Work task: Go to the line that contains "Ryan Callinan vence" in the records below and repeat it, and each line after it, exactly through the end, omitting pictures.
Task data Block Start
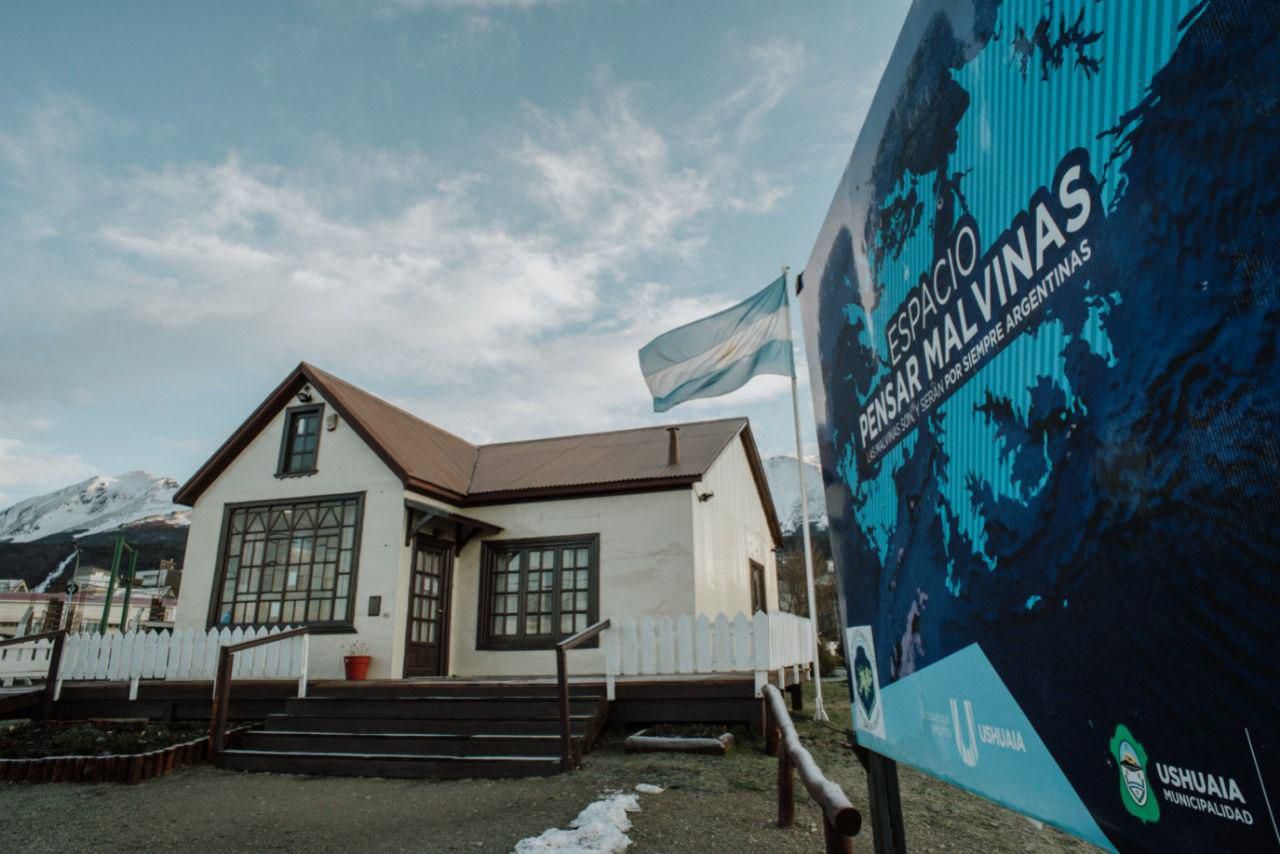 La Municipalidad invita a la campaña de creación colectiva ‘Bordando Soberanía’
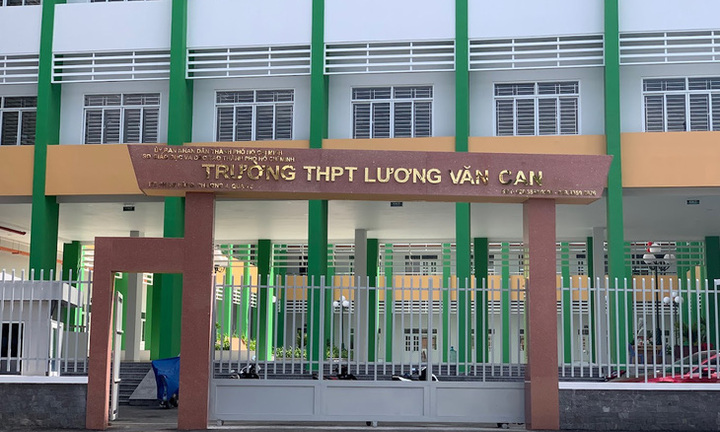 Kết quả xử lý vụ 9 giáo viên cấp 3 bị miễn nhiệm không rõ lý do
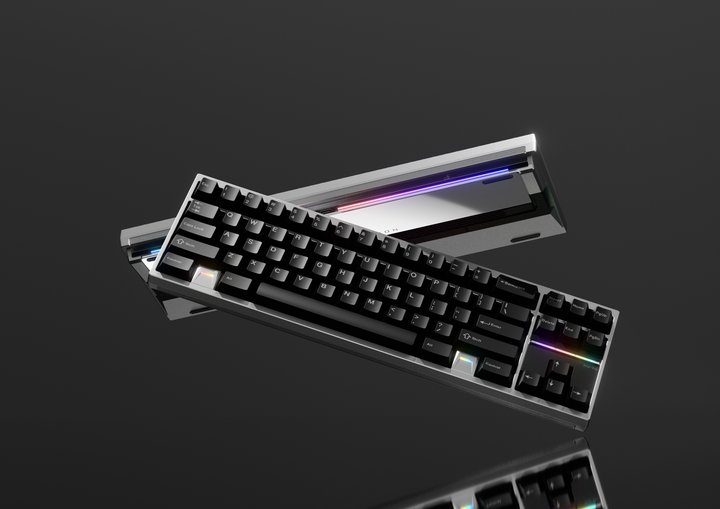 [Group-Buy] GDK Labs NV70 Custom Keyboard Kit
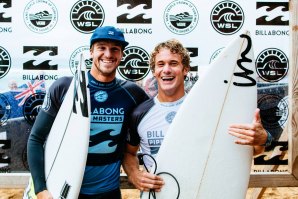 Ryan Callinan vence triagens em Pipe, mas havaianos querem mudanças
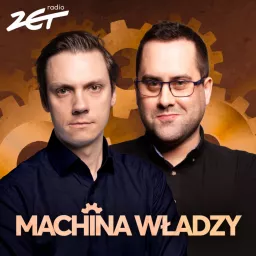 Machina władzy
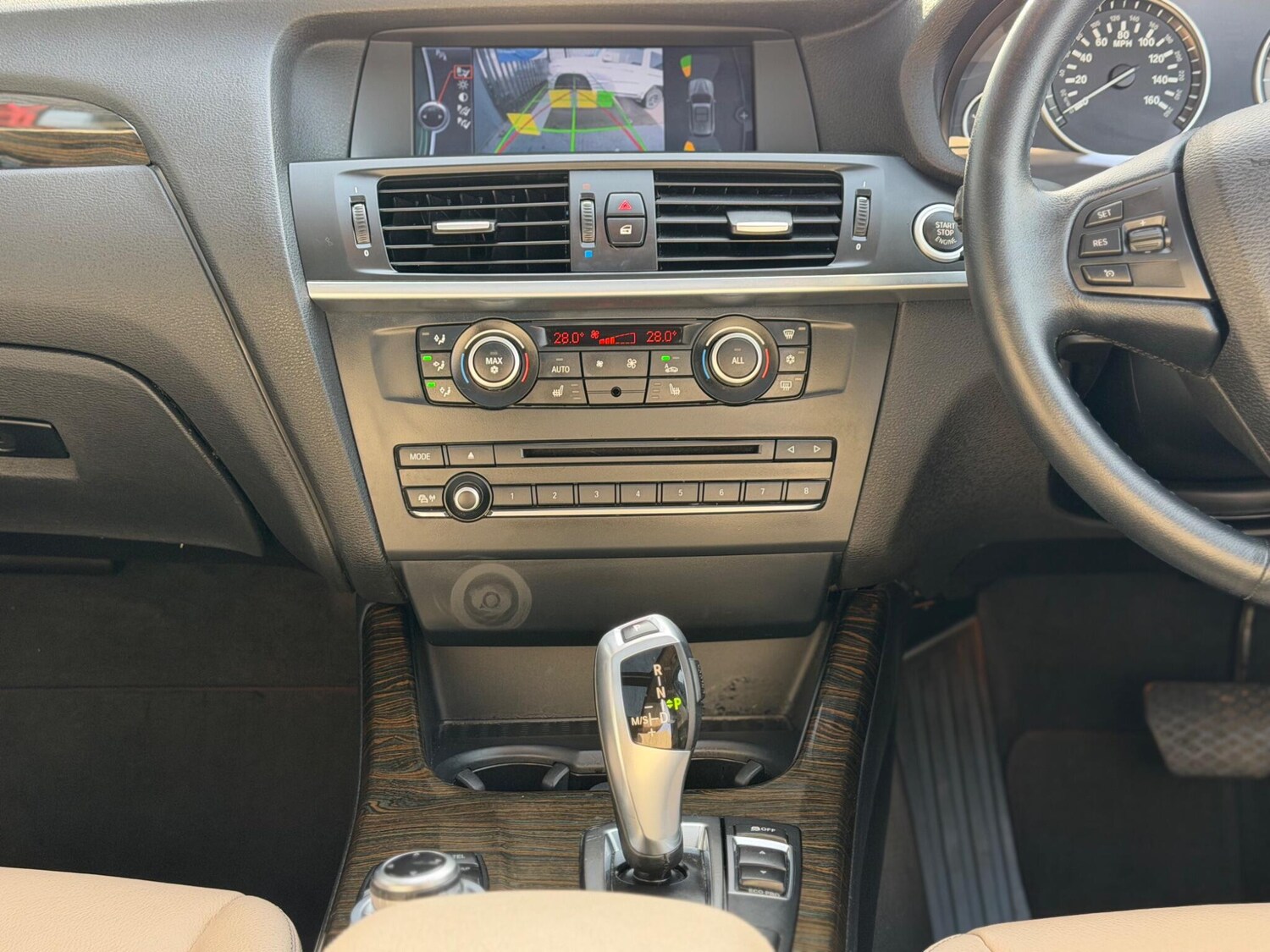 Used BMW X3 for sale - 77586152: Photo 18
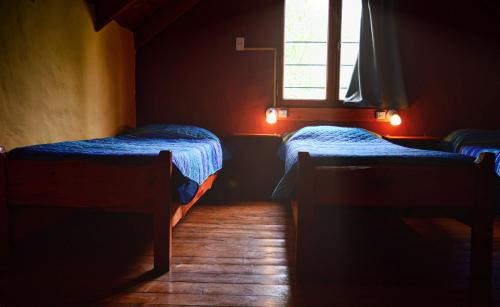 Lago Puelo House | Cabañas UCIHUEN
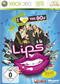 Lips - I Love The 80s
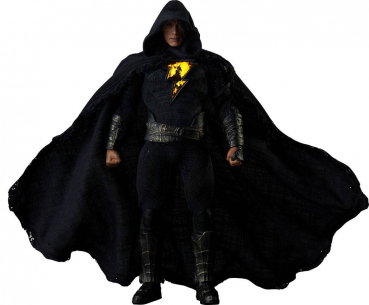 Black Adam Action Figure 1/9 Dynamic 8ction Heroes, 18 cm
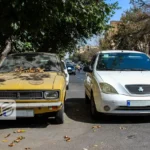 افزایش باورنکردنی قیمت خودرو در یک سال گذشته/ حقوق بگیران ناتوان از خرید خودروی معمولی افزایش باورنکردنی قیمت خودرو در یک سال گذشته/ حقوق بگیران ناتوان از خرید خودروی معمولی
Task data Block End
Answer for this exercise:
 Ryan Callinan vence triagens em Pipe, mas havaianos querem mudanças
 Machina władzy
 Used BMW X3 for sale - 77586152: Photo 18
 Lago Puelo House | Cabañas UCIHUEN
 Lips - I Love The 80s
 Black Adam Action Figure 1/9 Dynamic 8ction Heroes, 18 cm
 افزایش باورنکردنی قیمت خودرو در یک سال گذشته/ حقوق بگیران ناتوان از خرید خودروی معمولی افزایش باورنکردنی قیمت خودرو در یک سال گذشته/ حقوق بگیران ناتوان از خرید خودروی معمولی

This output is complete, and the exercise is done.